Nach der Hauptschule besuchte die junge Helga eine Handelsschule, auf der sie sich das Rüstzeug für einen kaufmännischen Beruf aneignen sollte – das war der Wunsch des Vaters. Die Freizeit gehörte dem Ballett. Sie war 15 Jahre alt, als das Stadttheater Klagenfurt mit „Wiener Blut“ die erste Operette im Spielplan hatte. Ausgerechnet für den Kaiserwalzer suchte das Theater junge Tänzerinnen zur Verstärkung. Ballettmeisterin Liselotte Mracek, zuständige Choreographin, sah sich an der Kunsttanzschule Haslinger nach geeignetem Nachwuchs um. Nur sechs Mädchen wurden gebraucht. Helga Hemala war dabei. Was sie gemacht hätte, wenn die Wahl nicht auf sie gefallen wäre? Sie weiß es nicht. Heute wäre ihr Leben vielleicht ein völlig anderes.
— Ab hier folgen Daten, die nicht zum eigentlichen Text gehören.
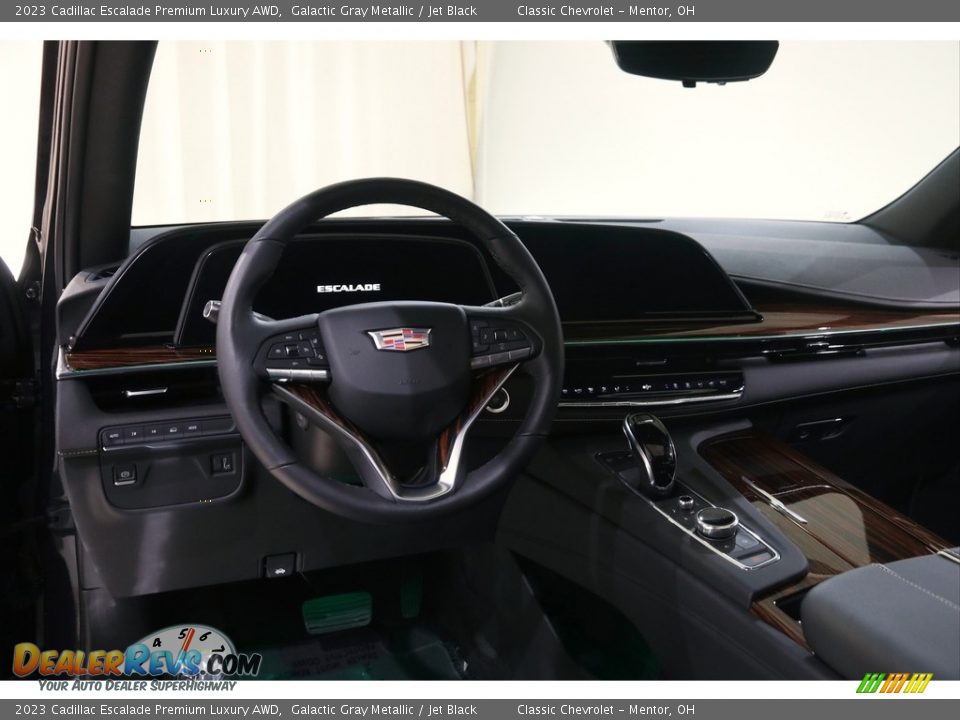 Dashboard of 2023 Cadillac Escalade Premium Luxury AWD Photo #6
Die Operette, die am 24. September 1955 Premiere feierte, war ein Erfolg. Und noch etwas anderes war bedeutend. Helga stand zum ersten Mal Adi Fischer gegenüber. Er war zehn Jahre älter, kam vom Grazer Opernhaus, war Schauspieler und wurde in Klagenfurt als Operettenbuffo verpflichtet. Sie sah in ihm den Mann ihres Lebens. Ein bildschöner, junger Mann – und ein verheirateter Familienvater mit einem kleinen Sohn, wie sie später erfuhr.
Obgleich Helga immer wieder ins Theater fuhr und instinktiv die Begegnung mit Adi Fischer suchte, hegte sie keinerlei weitere Absicht. Ihre Schwärmerei war die rührende Zuneigung eines unschuldigen Mädchens, das nicht im Traum daran dachte, sich in eine Ehe einmischen zu wollen. „Ich wollte immer alles, was gut für ihn und seine Familie war.“ Zwar erwiderte Adi Fischer nicht umgehend Helgas Zuneigung, jedoch hat er ihr „viel Herz“ entgegengebracht, wie sie heute sagt. „Der erste Händedruck – 14 Tage nicht Händewaschen, habe ich mir vorgenommen.“ Sie lacht.
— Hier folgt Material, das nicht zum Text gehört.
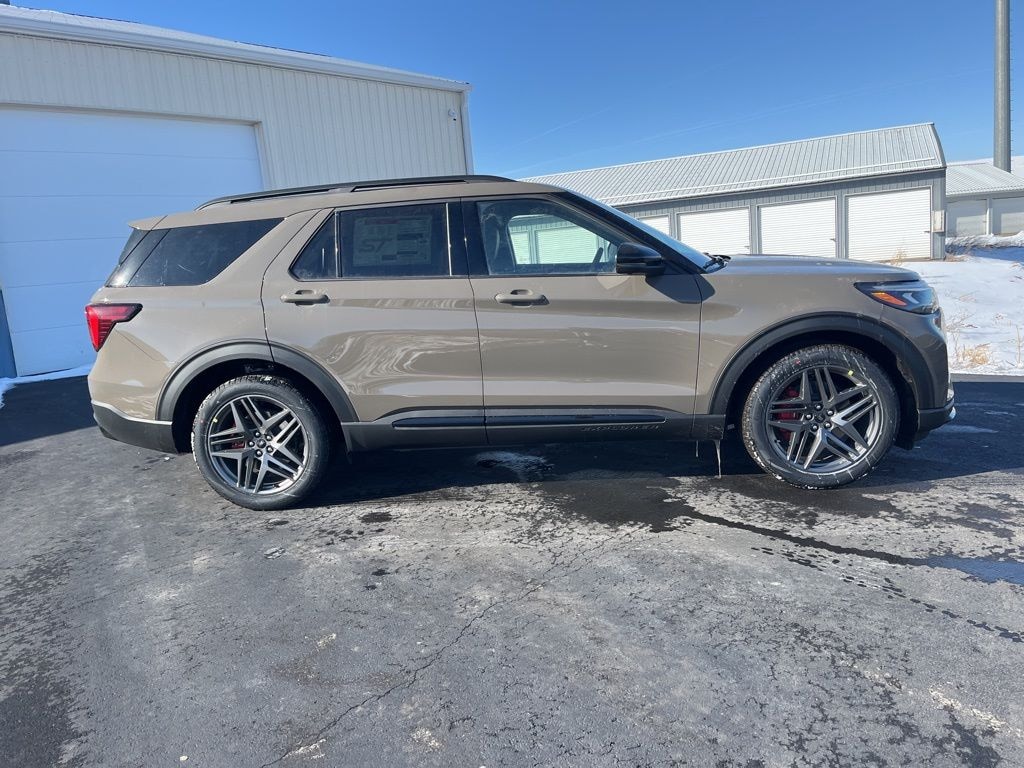 New 2026 Ford Explorer ST SUV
Es war wie eine Belohnung in doppelter Hinsicht, dass Helga Hemala nach „Wiener Blut“ ein weiteres Mal als Elevin am Theater mitwirken durfte. Professor Fritz Klingenbeck, Intendant des Klagenfurter Theaters, engagierte sie für die Operette „Der Opernball“ von Richard Heuberger, deren zweiter Akt mit einem Can Can endete, bei dem die Tänzerinnen in die Arme eines Bühnenpartners fielen. Gespannt warteten die Mädchen darauf, wem es zukommen würde, sie aufzufangen. Für Helga Hemala, die wegen der Handelsschule nicht bei jeder Probe dabei sein konnte, war es eine besondere Überraschung. Sie glaubte, ihren Ohren nicht zu trauen, als sie Choreographin Lilo Mracek sagen hörte: „Bei dir kommt der Adi Fischer.“ Für Helga Hemala war das wie Weihnachten und Ostern zusammen.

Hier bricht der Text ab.